Mostly because medical researchers have not heard of it, and even if they have, they might be scared to use it because it sounds complicated, even though it isn't. It is very popular in labor economics and is getting more popular in medicine and other fields as well, slowly. It deserves way more attention and, in my opinion, should be the first method a researcher tries, not a backup when IPTW fails. It must be accompanied by a robust assessment of balance because the theoretical properties of the propensity score do not apply (for the ATE, but they actually do for the ATT); this includes assessing balance beyond the means using, e.g., KS statistics and balance statistics for interactions and polynomial terms, which are all available in cobalt.

I noticed that in some papers there is the cohort after 1st weighting, then 2nd weighting, etc.. can someone explain how you obtain this? how many weighting do you have to do?
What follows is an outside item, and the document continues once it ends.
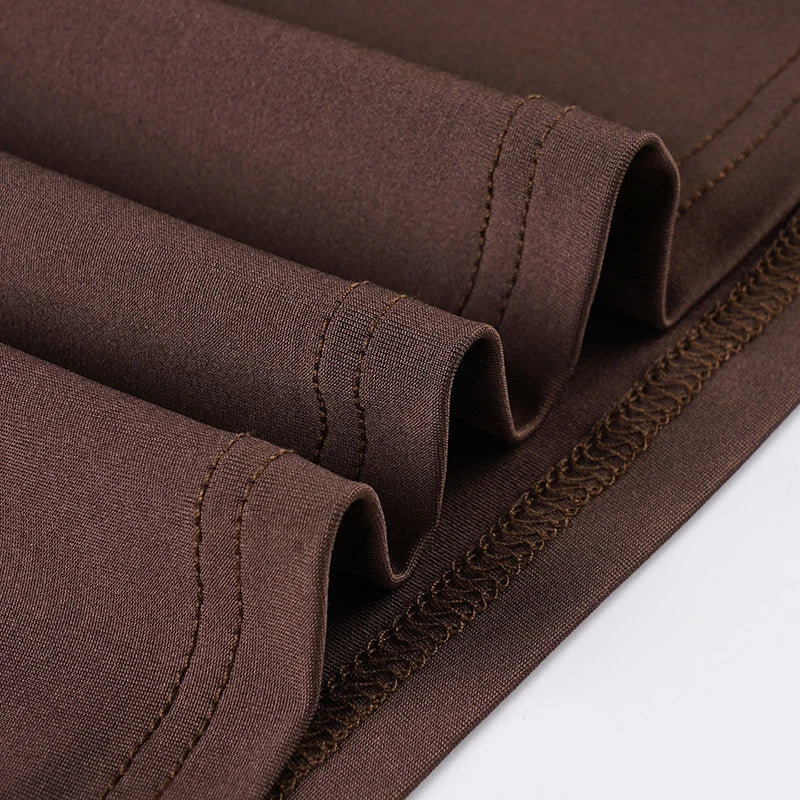 Y2K Fitted Flare Sleeve Top with ribbed knit, Y2K long sleeve top styled with low rise bottoms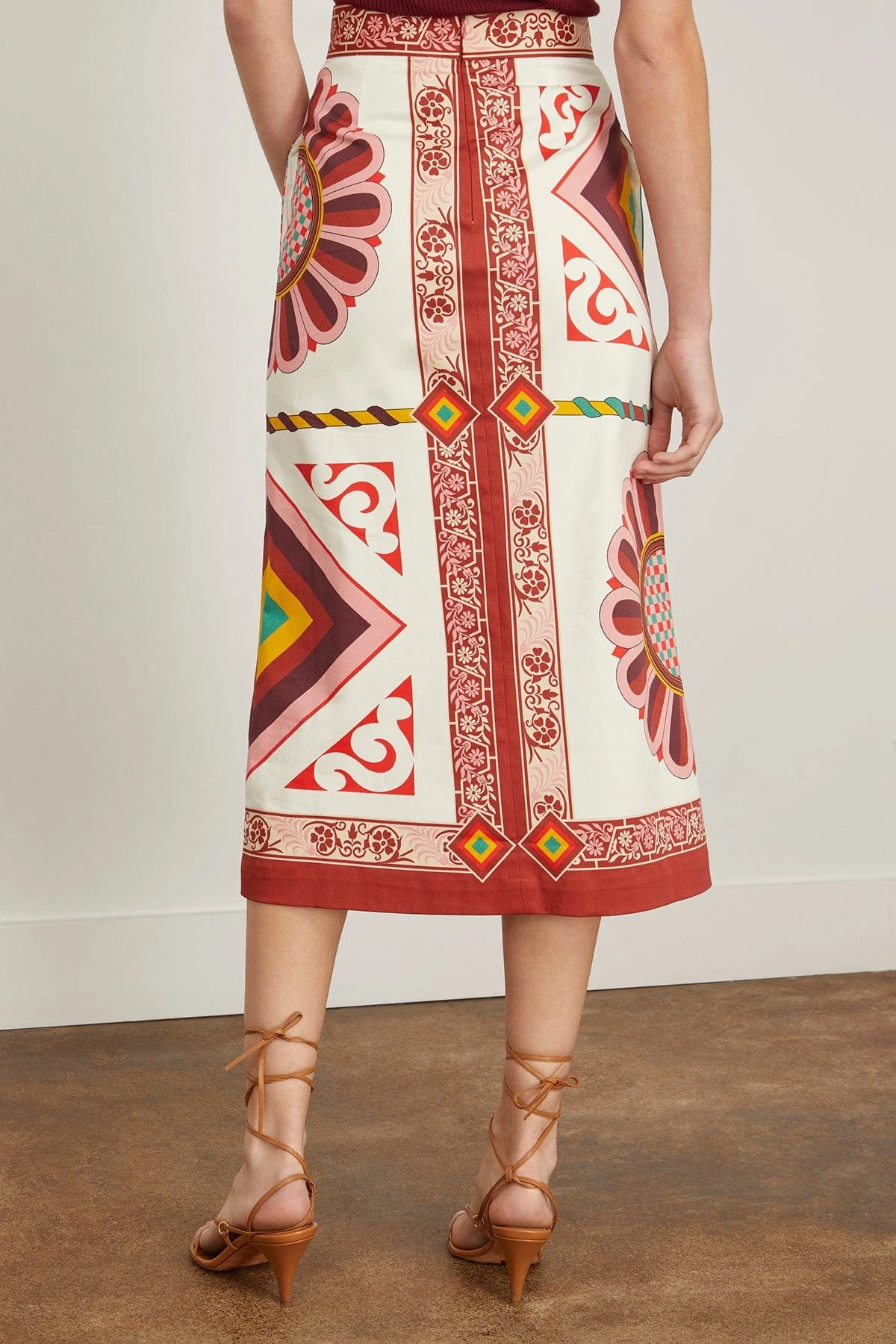 Baia Skirt In Macro Tiles Placed 6 Baia Skirt In Macro Tiles Placed - Image 4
I'm not exactly sure what you're referring to, but this is probably multiple attempts to estimate a single set of weights that balance the covariates. E.g., you try a logistic regression, then a logistic regression with squared terms added, then with some interactions added, etc. Only the properties of the final set of weights (i.e., those that yield the best balance without sacrificing precision) should be reported and used in effect estimation, but it is important to describe your process of estimating weights in your manuscript to ensure your procedure is replicable. (There are some contexts where multiple sets of weights are combined together, but that is an advanced matter that is beyond the scope of your question.)

Go forth, and use entropy balancing!